JD [interrupts] but you’re saying it was legitimate that these two young fellows should be taken out and shot [JL ‘the war’] in the groin [JL ‘the war’] and bled [JL ‘the war’] to death

JL The war that was fought for Irish independence was legitimate.

JD And then why weren’t they legitimately dealt with then if they had committed a crime?

JL If you, if you’re in a war and you’re attacked militarily, you respond militarily. By whatever means, I mean all is fair in love and war.

JD So you walk up, you walk up to them, take them out of the house and shoot two unarmed men dead?

JL They weren’t they weren’t the only, what, how do you think the Auxiliaries and Black and Tans operated?

JD Oh I know, but do never benchmark yourself against badness. I say it to my kids all the time: do never benchmark yourself against badness. Including your own parents in my case, if I’m the [cursing?] the house or whatever. But anyway I don’t want to trivialise, I want to bring Tom Carew in. Tom Carew good afternoon to you.

Tom Carew; Joe, Joe my ucler is back again, very quiet for many years, I never heard such nonsense: court martials -

JD Well, hang on, from me or from – ?

TC No, not at all, no, from Jack Lane.

JD [I’d be surprised?] to say it’s nonsense from me as well.

TC I could spend a long time telling you about the writings of Jack Lane and the people in the organisation he represents. Because the people in Aubane include people who are involved, not in innocent local history -

JD Now, yeah, yeah, just, just [sounds like warning tone]

TC - in the British and Irish Communist Organisation, but I won’t go into that –

JD But that, that was a legitimate party in the 70s

TC Oh yeah, but I mean the ideology, the ideology is, is particularly weird. When you talk about military court martials, that’s the military way, way, he says.Military court martials involved the defendant being put in front of a trial. Not somebody being put up against the wall without knowing there was any such court martial. He talked about ‘they joined the military conflict’. If you were in Offaly there was no military conflict. He just mentioned, conflicting himself out of his own mouth, Dick Mulcahy asked Offaly to do something, because nothing whatever happened down there. Now if there’s no action going on there’s not a military action to join, and there’s nothing for spies to spy on because the Offaly Brigade was a paper outfit which did sweet damn all. So the idea that there was any threat to the Offaly Brigade was unreal because the Offaly Brigade achieved absolutely nothing. Compared to west Cork or south Tipperary for example, it was a completely different planet. So the idea that there was any reality to all of this is totally and completely unreal.

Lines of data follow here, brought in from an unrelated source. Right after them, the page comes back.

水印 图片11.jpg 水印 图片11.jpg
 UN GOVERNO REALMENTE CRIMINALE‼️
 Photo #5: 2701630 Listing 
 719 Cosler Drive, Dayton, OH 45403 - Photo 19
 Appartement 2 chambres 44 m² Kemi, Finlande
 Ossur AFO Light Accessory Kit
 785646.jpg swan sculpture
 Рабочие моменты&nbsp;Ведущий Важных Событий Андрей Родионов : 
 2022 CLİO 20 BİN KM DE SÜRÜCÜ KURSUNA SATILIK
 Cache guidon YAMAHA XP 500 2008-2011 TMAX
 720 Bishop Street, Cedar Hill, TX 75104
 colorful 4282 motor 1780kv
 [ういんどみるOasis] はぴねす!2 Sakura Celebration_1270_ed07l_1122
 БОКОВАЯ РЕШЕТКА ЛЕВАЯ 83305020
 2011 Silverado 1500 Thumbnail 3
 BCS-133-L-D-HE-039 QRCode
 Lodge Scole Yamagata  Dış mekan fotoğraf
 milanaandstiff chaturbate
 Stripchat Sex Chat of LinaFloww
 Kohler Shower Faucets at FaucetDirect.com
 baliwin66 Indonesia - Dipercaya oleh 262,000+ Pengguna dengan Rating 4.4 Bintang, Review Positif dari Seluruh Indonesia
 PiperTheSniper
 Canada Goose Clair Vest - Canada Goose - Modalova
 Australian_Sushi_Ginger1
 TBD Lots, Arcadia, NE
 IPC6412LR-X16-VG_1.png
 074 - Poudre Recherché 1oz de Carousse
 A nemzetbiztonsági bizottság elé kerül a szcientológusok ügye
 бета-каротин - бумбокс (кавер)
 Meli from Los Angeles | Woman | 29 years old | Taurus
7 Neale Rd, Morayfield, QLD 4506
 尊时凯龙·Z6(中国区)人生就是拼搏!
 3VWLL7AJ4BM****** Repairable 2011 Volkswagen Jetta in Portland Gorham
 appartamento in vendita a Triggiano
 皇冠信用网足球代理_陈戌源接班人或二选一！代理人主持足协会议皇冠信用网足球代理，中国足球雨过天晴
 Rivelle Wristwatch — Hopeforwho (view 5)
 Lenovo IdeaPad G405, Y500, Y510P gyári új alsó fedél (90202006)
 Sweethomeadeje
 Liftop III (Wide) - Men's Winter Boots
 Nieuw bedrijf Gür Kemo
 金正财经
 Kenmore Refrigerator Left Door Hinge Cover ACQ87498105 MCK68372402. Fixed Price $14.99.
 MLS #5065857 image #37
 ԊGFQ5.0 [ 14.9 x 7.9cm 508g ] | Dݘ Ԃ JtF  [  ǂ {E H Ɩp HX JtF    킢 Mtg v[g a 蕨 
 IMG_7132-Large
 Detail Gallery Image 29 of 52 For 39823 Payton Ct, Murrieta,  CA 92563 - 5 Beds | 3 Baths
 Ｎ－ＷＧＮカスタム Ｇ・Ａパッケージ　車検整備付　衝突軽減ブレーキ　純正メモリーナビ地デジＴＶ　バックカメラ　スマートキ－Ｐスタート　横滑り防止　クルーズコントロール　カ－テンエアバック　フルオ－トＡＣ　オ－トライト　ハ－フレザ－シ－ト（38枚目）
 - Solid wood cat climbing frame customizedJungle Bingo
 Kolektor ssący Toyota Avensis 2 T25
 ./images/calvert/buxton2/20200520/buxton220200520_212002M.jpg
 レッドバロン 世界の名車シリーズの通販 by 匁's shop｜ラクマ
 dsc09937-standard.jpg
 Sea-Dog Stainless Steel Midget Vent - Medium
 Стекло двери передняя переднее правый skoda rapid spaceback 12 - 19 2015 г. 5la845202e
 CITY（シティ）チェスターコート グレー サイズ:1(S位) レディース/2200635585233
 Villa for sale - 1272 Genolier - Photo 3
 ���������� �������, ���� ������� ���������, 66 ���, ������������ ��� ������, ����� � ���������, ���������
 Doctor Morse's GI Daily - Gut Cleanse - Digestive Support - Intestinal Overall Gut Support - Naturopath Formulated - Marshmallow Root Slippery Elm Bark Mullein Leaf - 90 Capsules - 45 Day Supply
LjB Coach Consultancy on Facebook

JD But in fairness, Jack’s substantive point is a document he says he’s come across in London where William Pearson is quoted as saying “I was always known as a staunch loyalist and upholder of the Crown, I assisted the Crown forces on every occasion”. He was looking for a grant for compens -

TC The [number of?] incidences where the Crown forces needed assistance in Offaly were zero, because the Crown forces in Offaly – it was like in northern Ireland in recent years. There were parts of northern Ireland where you could see an RUC sergeant in shirt sleeves as I did on many occasions, which was absolutely quiet, places in parts of Antrim and Down. There were parts in south - south Armagh which was [sic] totally different. The equivalent in the past thirty years to parts of north Antrim would be a place like Offaly where the police could have gone around in their shirt sleeves as you could find them in, in summertime in the north. It was an absolute complete nonsense to say that there was any real conflict in that area. So the whole thing collapses on that reality.

JL ? [right]

JD Jack, do you want to come back in there?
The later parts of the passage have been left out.